Book review: Sideways

In the acknowledgments of his mid-Coastal road-trip buddy novel, author Rex Pickett thanks co-screenwriters Alexander Payne (who also directed) and Jim Taylor for their faithful adaptation of Sideways to the screen.

I'd thank them, all right, but not for being faithful.

The events of the story are, in fact, almost identical, save the exclusion in the film of a strange boar-hunting odyssey (which, ironically, I can almost imagine Pickett thinking as he wrote it, "Damn! This'll be great in the movie!"). There is a strong sense of place in both the book and the film, Pickett is clearly a SoCal denizen who has either logged a lot of hours in a lot of mid-Coastal non-hotspots or he has a keen eye and deft hand for recreating them.

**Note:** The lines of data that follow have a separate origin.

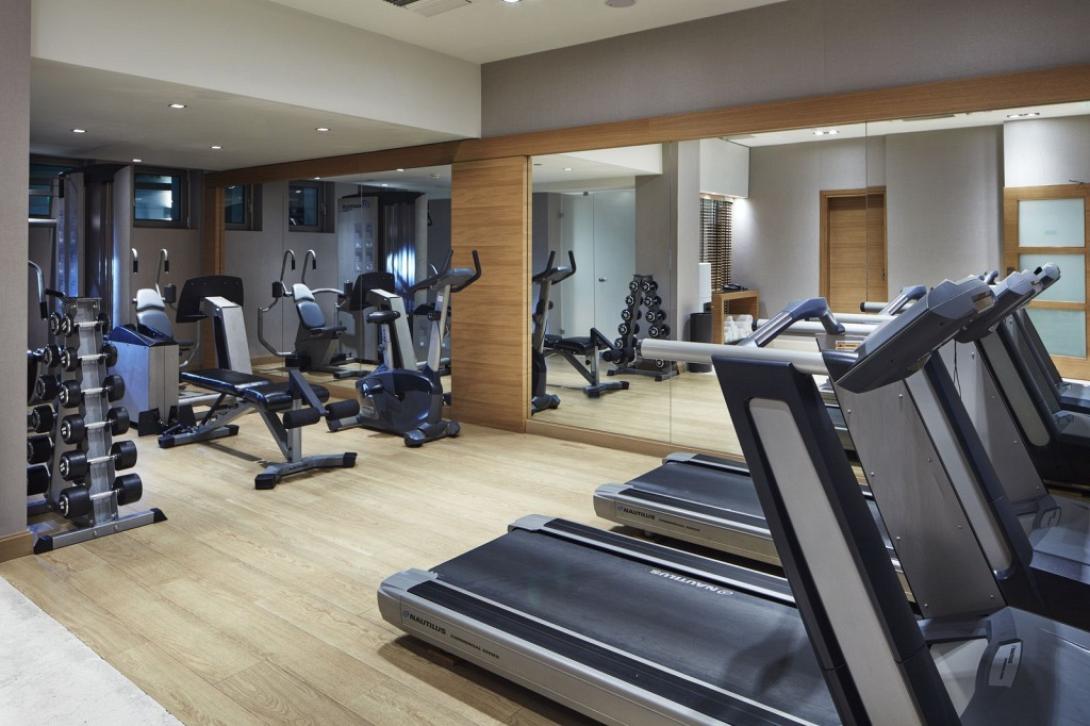 γυμναστήρια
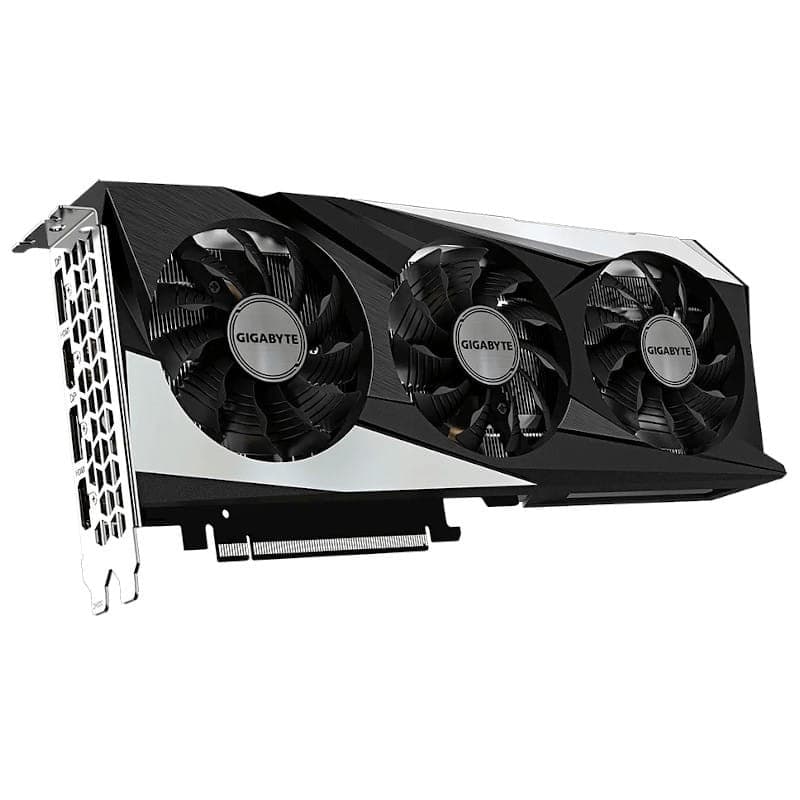 کارت گرافیک گیگابایت 8 گیگ gigabyte 3060 ti gaming oc pro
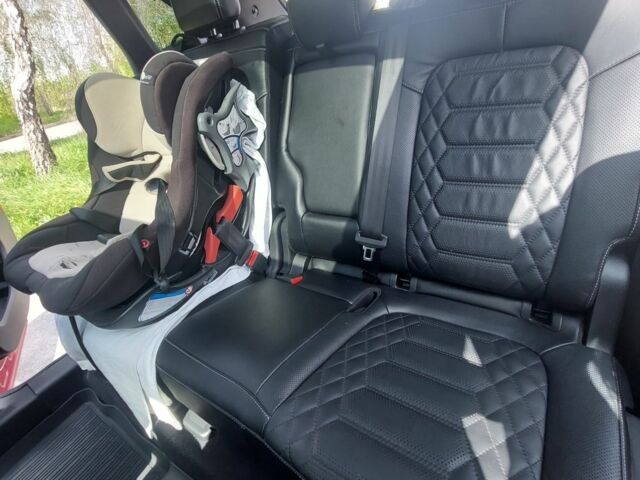 Червоний Форд Ескейп, об'ємом двигуна 2 л та пробігом 19 тис. км за 24000 $, фото 10 на Automoto.ua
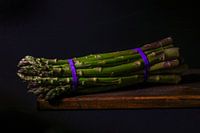 Nature morte aux asperges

But the film is so much more charming and nuanced and relaxed than the book it was shocking. Pickett, according to his back-o'-book blurb, "is a screenwriter living in Los Angeles. This is his first novel." I know all of us writerly types are supposed to hew to the show-don't-tell maxim, but it's a screenwriter's stock in trade: let the pictures tell the story.

Instead, Pickett's novel is littered with insistent narrative assertions about the characters' smarts, sex appeal, inherent goodness beneath it all and, worst of all, their senses of humor. There is such extensive cataloguing of people's response to quips and jokes and witty one-liners that I actually stopped being annoyed and became fascinated. How many "i"s did this guy feel like he had to dot, anyway? Was this some kind of word-count padding? Or was it possible there existed a writer with lower self-esteem and belief in himself than me? Maybe I have a shot at this writing thing, after all...

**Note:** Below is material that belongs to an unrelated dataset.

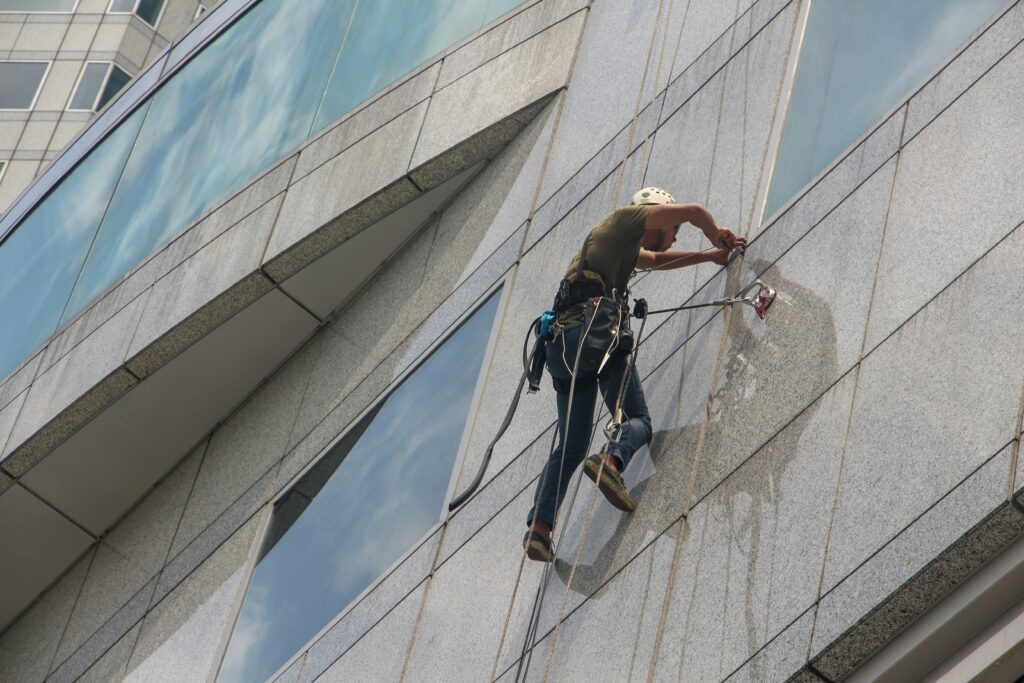 Hire Building Maintenance in Brock Hall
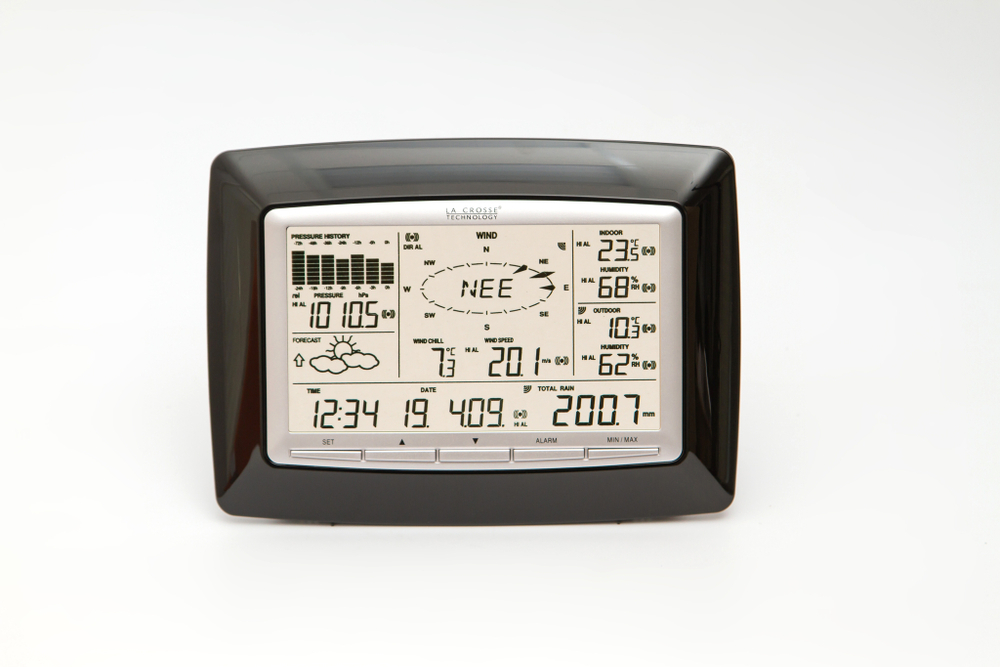 Погодная станция LaCrosse WS2812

The book did do an even better job than the film of piquing my fledgling interest in wine. But the film, with its confident, unapologetic and ultimately winning portrayal of complicated, flawed, but ultimately sympathetic characters, made me want to make art.

I wonder what Alexander Payne saw when he picked up the novel (or had it funneled to him by a minion or agent or however these things happen). Perhaps the answer lies in this archived Elvis Mitchell interview with Payne and Davis from KCRW's "The Treatment." I think I'm gonna have to listen. Sideways, the novel, isn't exactly a sow's ear. But it shares a pedigree with Sideways, the film, which is definitely a high-end jewel, and rare for being so.